"""

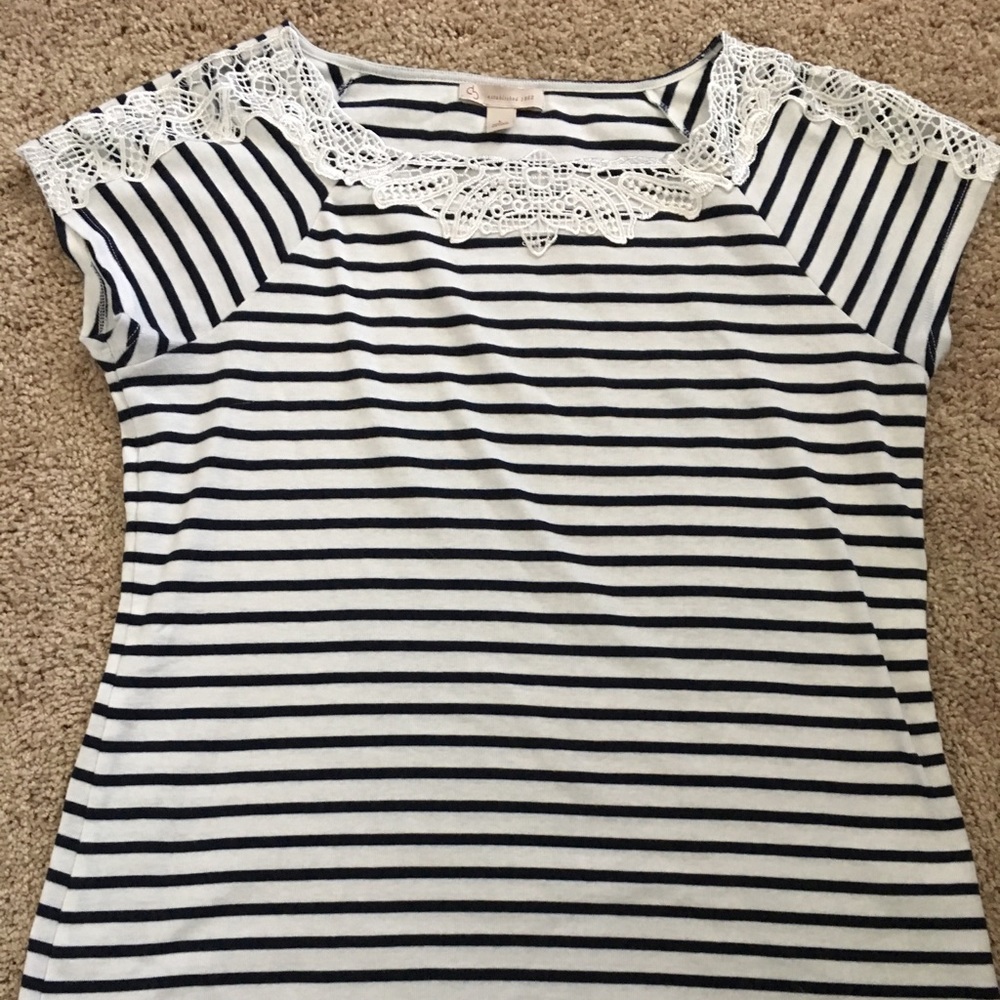 Lace trim black and white stripe t-shirt - L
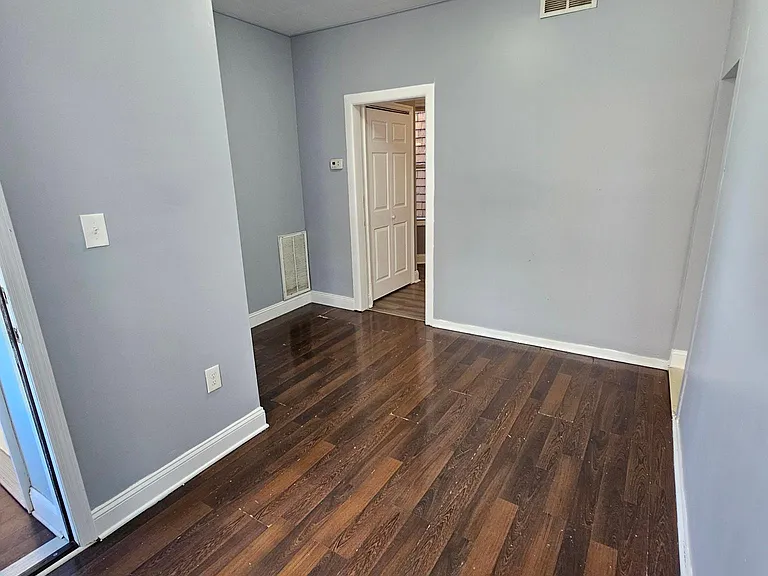 654 20th Ave #2 — Photo 2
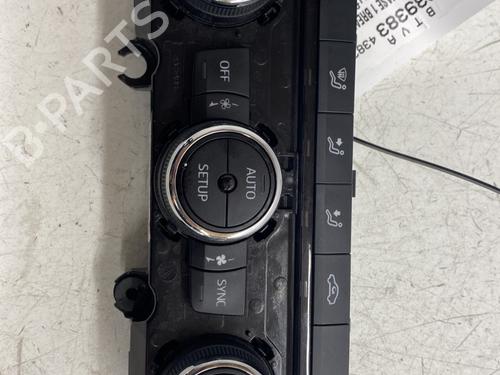 Used Climate control SEAT LEON ST (5F8) 2.0 TDI (150 hp) 28567966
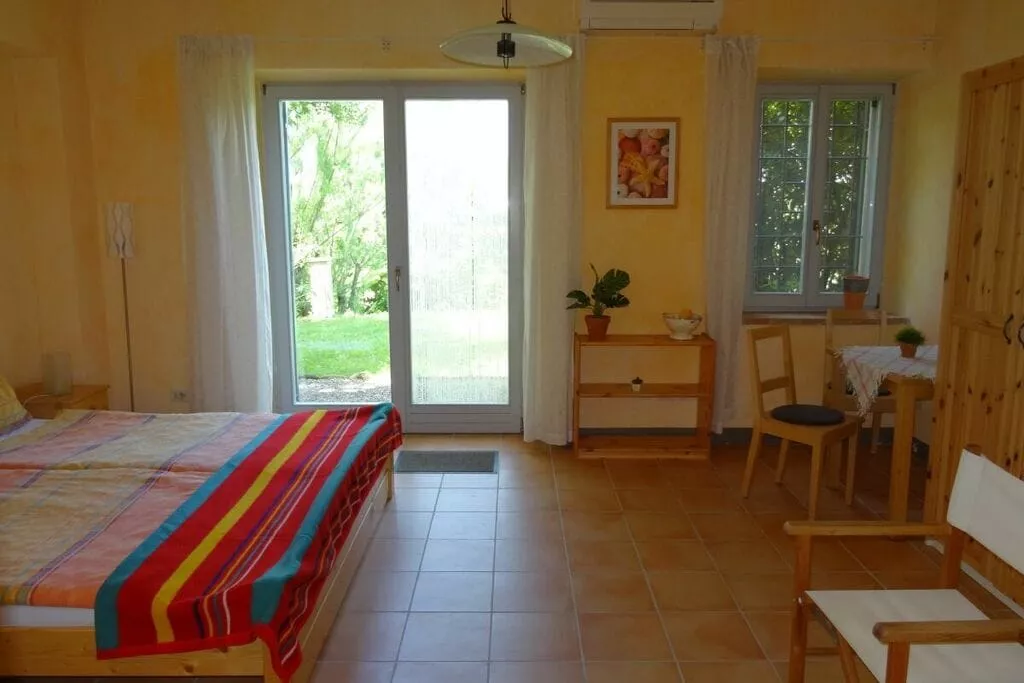 285195-Bedroom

"""

▶ **Task objective**
Copy, exactly and exclusively, the lines beginning with the one that contains "Used Climate control" and ending with the last line of the listing; pictures are to be omitted.

▶ **Problem solution**
 Used Climate control SEAT LEON ST (5F8) 2.0 TDI (150 hp) 28567966
 285195-Bedroom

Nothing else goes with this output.